Sent from my KFTT using Tapatalk 2


----------



## MINImum

Okay, I found the 1mobile website and tried to download Dolphin. First it asked me to login to Google, which I did. Then I tried to install Dolphin but it gave me a popup screen with an option to download the 1mobile marketplace app. I clicked to download it, went to it in my download folder and clicked on it and I got an error saying "cannot open file". What am I doing wrong?


----------



## Betsy the Quilter

Have you authorized installation of third party apps under Settings?

Betsy


----------



## MINImum

I didn't know I had to do that but I just did it after reading your post (it said unknown parties instead of third parties) but it still didn't work. I restarted the Kindle and tried again, still says cannot open file. Maybe I'm doing it wrong? After I hit "download" (or "install") on the website, I go to my downloads then click on it.


----------



## Ann in Arlington

Reiterating: Chrome browser downloaded easily from 1Mobile (assuming 'unknown sources' are allowed) and loaded and works fine.


----------



## Betsy the Quilter

I was able to install the Dolphin browser...but I think I had to install something else first, come to think of it; there were directions in another post here...

Betsy


----------



## MINImum

Ann in Arlington said:


> Reiterating: Chrome browser downloaded easily from 1Mobile (assuming 'unknown sources' are allowed) and loaded and works fine.


Nope, just tried to install one of the Chrome browsers they offer (it's hard to tell which one I need) and it still gives me a popup that I need to download 1mobile marketplace, and when I do and go to click on it in my downloads list, it says cannot open file.

I get the feeling I don't know what I'm doing so I may give up for awhile and try again some other time. :-(


----------



## Betsy the Quilter

I would delete your downloads of 1mobile market, restart the device and try again.

Let me check for the steps...

Hmmm.. I removed 1mobile.com, re-downloaded and I'm having the same problem.

Betsy


----------



## Betsy the Quilter

MINImum--

I couldn't get the install to work from either the notifications area or the download.  BUT, I used ES Explorer to navigate to my Downloads folder, opened that, tapped on the APK and it installed fine.  Not sure why--I didn't have to do that the first time I installed it, I don't think...

Betsy


----------



## Ann in Arlington

Here's what I did . . . . but not all at one sitting.  I'm talking specifically about my 8.9HD.

I went to settings and enabled apps from unknown sources.

I went to 1Mobile via the stock browser, found the download button and clicked it.  As I recall, there was some weirdness about then finding the file to install, but I was ultimately able to.  My recollection is that it showed up as downloaded in notifications and I tapped there to install it.

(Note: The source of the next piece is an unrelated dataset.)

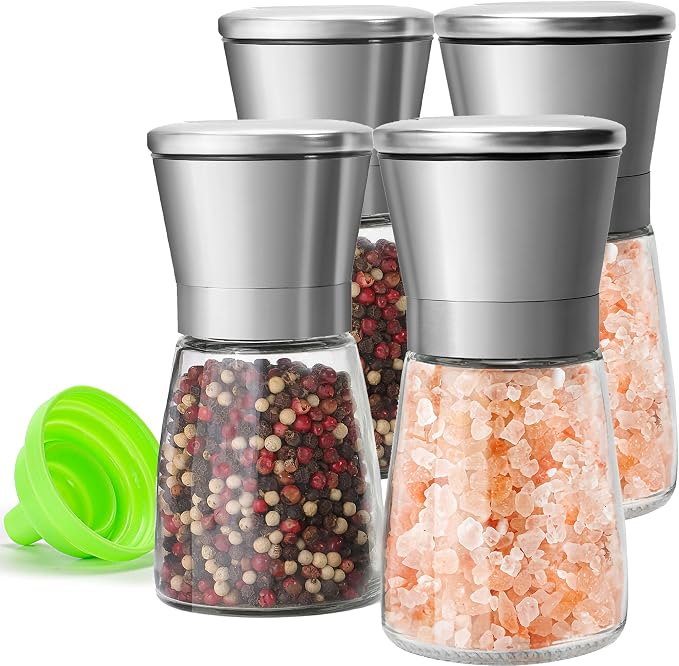 Premium Stainless Steel Salt and Pepper Grinder Set of 4 by MJINGMEI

I browsed about 1Mobile.  When I first did all this, I was looking for something completely different.  Didn't end up finding it so just put 1Mobile in favorites and left it there.

When this talk of browsers came up, I thought I'd do some more checking so I used the icon in favorites to activate the 1Mobile app/website link.  Searched for browsers or Firefox or something like that.  

Oh, I'd also gone to settings in 1Mobile and set it so that anything I download via that site will d/l and install automatically so I didn't have to go searching for the file.

Found Firefox browser and d/l'd it.  Installed just fine, but when I tap it to use it it closes right away.  This happened with two separate install attempts with several days in between.

Found SkyFire and it was really slow to d/l at first. . . .but I did a restart of the wireless (toggled it off then on) and plugged in the device overnight and in the morning it had d/l'd and installed.  Tapped to use it and, while not completely familiar, it seemed reasonably intuitive and worked just fine to go to a couple of different websites, including KB.

Found Chrome and decided to try that. Selected for d/l.  It came and installed.  I opened it and it worked.  I used it for probably 15 minutes on different sites.  Once or twice I got a message that it had stopped working or something but when I said OK it went right back to the page I'd been on.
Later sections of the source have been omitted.